Kita dan Kehidupan Normal Baru Karena Corona

Tidak pernah menyangka tahun 2020 ini akan begitu menantang.

Sejak merebak kasusnya pertama kali di China lalu dalam waktu singkat menjangkiti hampir seluruh dunia, virus Corona type baru yang kemudian dinamakan Covid-19 ini menghancurkan banyak hal, kesehatan, ekonomi, Pendidikan, tatanan social bahkan Agama.

Baru baru ini WHO pun mengeluarkan peringatan bahwa  ada kemungkinan virus corona (Covid-19) tidak akan hilang, atau setidaknya bertahan dalam waktu yang lama.

Covid-19 mungkin tidak akan hilang tapi kehidupan tetap terus berjalan

Perlahan kita harus menyesuaikan diri dengan kehidupan baru dalam pandemi ini, berusaha tetap survive dengan mengikuti protokol kesehatan.

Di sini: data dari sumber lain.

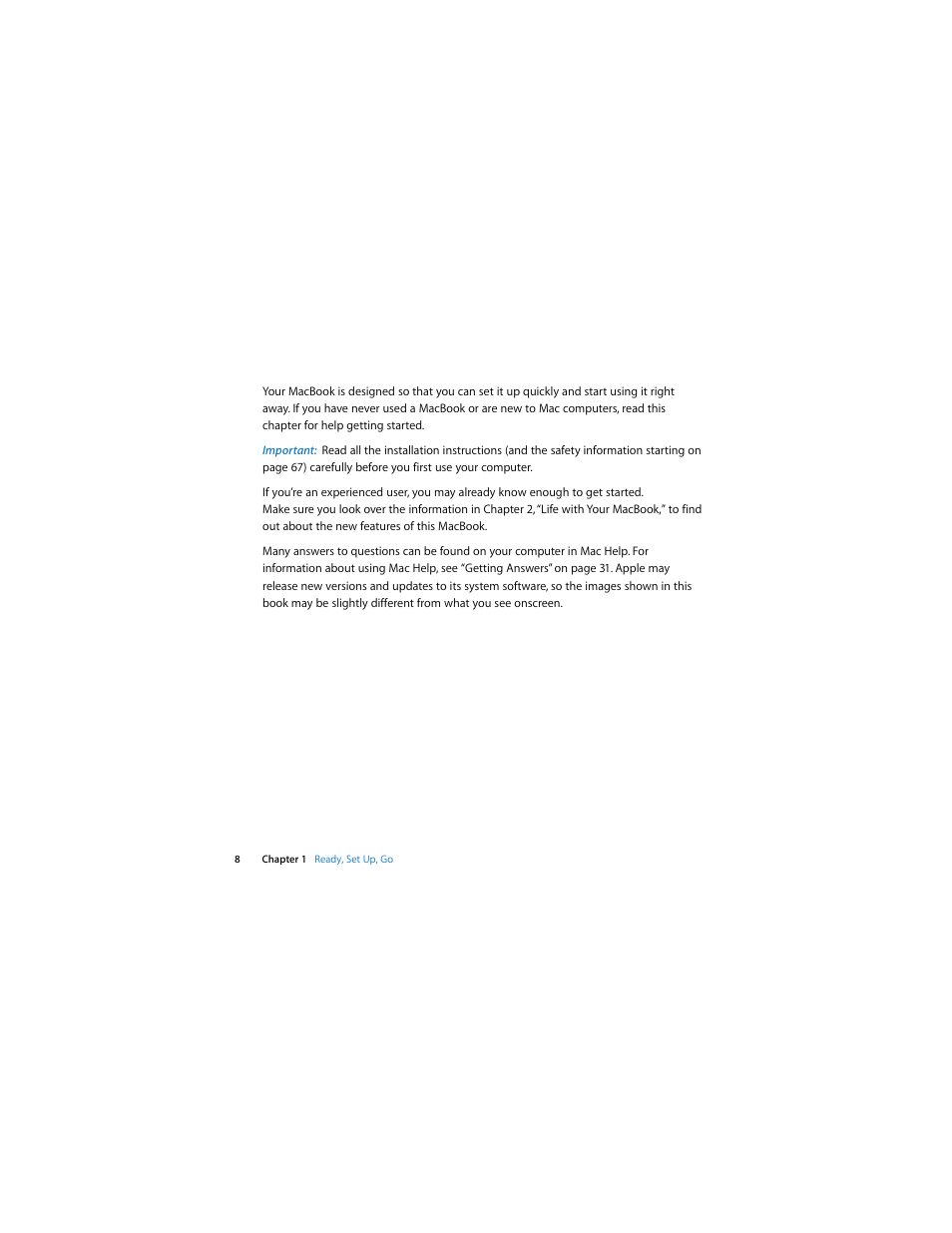Apple MacBook (13-inch, Late 2009) User Manual | Page 8 / 88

Pandemic ini menyadarkan kita banyak hal, kita yang harus berubah  menyesuaikan diri jika tidak ingin terjadi seleksi alam, kita atau penyakit yang menang.

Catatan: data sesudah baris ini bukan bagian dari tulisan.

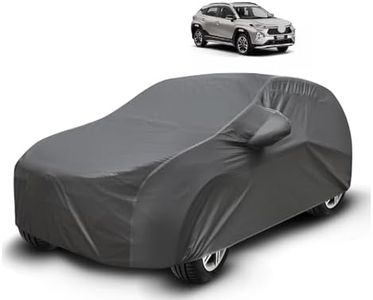 Auto Hub Waterproof Car Cover Compatible with Taisors with Mirror Pockets, Soft Cotton Lining, Taisors Car Cover Waterproof, Grey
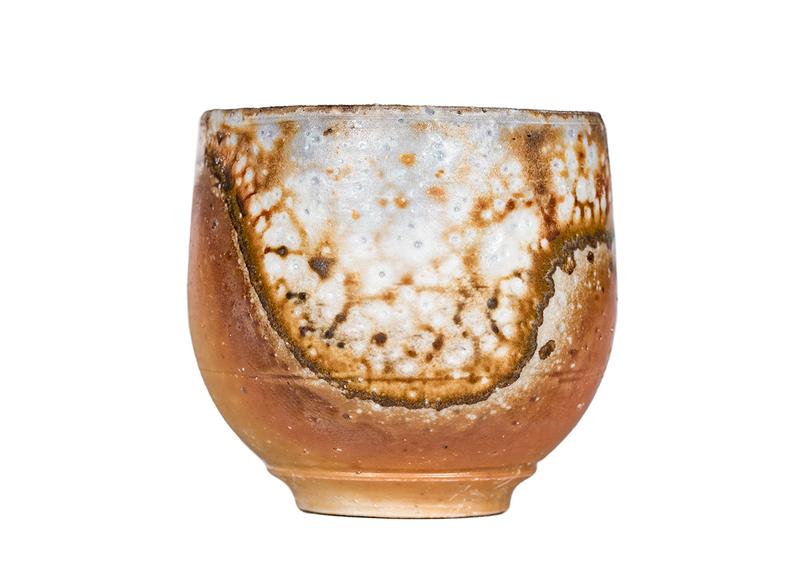 Пиала # 52293, дровяной обжиг, керамика Дэхуа, ручная работа, 55 мл.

Kita telah memasuki babak baru dalam kehidupan dunia.

New Normal.

Patuhi Protokol Kesehatan

Masker adalah salah satu hal wajib saat kita akan keluar rumah, seperti memakai helm saat naik motor. Percayalah, kewajiban masker ini membuat kita akan merasa parno ketika berada satu ruangan atau lokasi dengan orang lain yang tidak bermasker.

Perlengkapan cuci tangan/handsanitizer yang bermunculan Kantor, toko, kios, pasar, atm, . Beberapa dari kita memilih menggunakan sarung tangan latex saat akan berbelanja di pasar atau di mall

Cek suhu. Jangan tersinggung dengan jidat kita yang ditembak pakai thermos gun terus menerus tiap ingin masuk ke kantor, Gedung atau fasilitas tertentu. Demi kesehatan Bersama.

Tas kita akan berisi banyak hal, benda benda seperti masker, handsanitizer, sarung tangan, cairan desinfektan. Ini perlahan akanmenjadi kebiasaan kita. Yah, mungkin saat ini ada yang masih keras kepala, perlu ada petugas yang menegur baru sadar ada masker yang tidak kita pakai.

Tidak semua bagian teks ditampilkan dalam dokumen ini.